The Battery

Systems Power Electrical Aircraft - Electrics DC 8

Figure 8.8 General arrangement - single-engine light aircraft

In most types of aircraft, the output from the generating sources is coupled to one or more low impedance conductors referred to as bus bars.

The bus bars are the collection and distribution centre for a generator or alternator power supply. They use solid copper bars which can be drilled to permit supply and distribution cables to be attached to them.

Bus bars are usually situated in junction boxes or distribution panels located at central points within the aircraft, and they provide a convenient means for connecting power supplies to the various consumer circuits; in other words, they perform a ‘carry-all’ function.
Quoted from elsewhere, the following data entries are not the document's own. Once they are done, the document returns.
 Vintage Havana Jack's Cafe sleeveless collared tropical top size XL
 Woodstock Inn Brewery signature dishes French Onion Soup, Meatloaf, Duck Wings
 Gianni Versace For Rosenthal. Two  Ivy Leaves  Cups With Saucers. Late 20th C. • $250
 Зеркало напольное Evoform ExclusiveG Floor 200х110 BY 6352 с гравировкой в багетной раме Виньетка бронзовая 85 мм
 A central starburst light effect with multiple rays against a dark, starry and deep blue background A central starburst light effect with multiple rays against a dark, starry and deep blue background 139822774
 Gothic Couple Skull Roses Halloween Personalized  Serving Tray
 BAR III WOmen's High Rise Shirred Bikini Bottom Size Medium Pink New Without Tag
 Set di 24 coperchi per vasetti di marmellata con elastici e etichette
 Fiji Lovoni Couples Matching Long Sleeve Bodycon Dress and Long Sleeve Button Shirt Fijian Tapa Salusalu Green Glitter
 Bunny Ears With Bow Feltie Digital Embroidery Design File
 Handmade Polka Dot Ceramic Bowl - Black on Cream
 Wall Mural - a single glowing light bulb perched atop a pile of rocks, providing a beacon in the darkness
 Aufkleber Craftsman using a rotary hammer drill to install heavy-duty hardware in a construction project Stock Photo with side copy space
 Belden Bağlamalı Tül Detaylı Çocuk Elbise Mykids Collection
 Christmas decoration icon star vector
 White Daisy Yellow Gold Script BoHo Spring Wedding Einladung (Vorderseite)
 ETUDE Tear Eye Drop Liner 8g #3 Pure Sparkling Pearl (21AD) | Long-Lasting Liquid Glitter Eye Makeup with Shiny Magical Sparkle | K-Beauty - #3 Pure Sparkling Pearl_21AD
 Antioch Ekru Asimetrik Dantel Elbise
Bus bars vary in form dependent on the methods to be adopted in meeting the electrical power requirements of a particular aircraft type.

In its simplest form a bus bar can take the form of a strip of interlinked terminals, while in the more complex systems main bus bars are thick metal (usually copper) strips or rods to which input and output supply connections can be made.

The strips or rods are insulated from the main structure and are normally provided with some form of protective covering. Flat, flexible strips of braided copper wire are also used in some aircraft and serve as subsidiary bus bars.

Bus Bar Systems

Figure 8.9 A typical light aircraft single alternator DC system

The function of a distribution system is primarily a simple one, but it is complicated by having to meet additional requirements which concern a power source, or a power consumer system operating either separately or collectively, under abnormal conditions.

The requirements and abnormal conditions may be considered in relation to three main areas, which are summarized as follows:

•Power-consuming equipment must not be deprived of power in the event of power source failures unless the total power demand exceeds the available supply.

•Faults on the distribution system (e.g. fault currents, grounding or earthing at a bus bar) should have the minimum effect on system functioning and should constitute minimum possible fire risk.

•Power-consuming equipment faults must not endanger the supply of power to other equipment.

These requirements are met in a combined manner by paralleling generators where appropriate, by providing adequate circuit protection devices, and by arranging for failed generators to be isolated from the distribution system.

The operating principle of these methods is concerned with the additional one of arranging bus bars and distribution circuits so that they may be fed from different power sources.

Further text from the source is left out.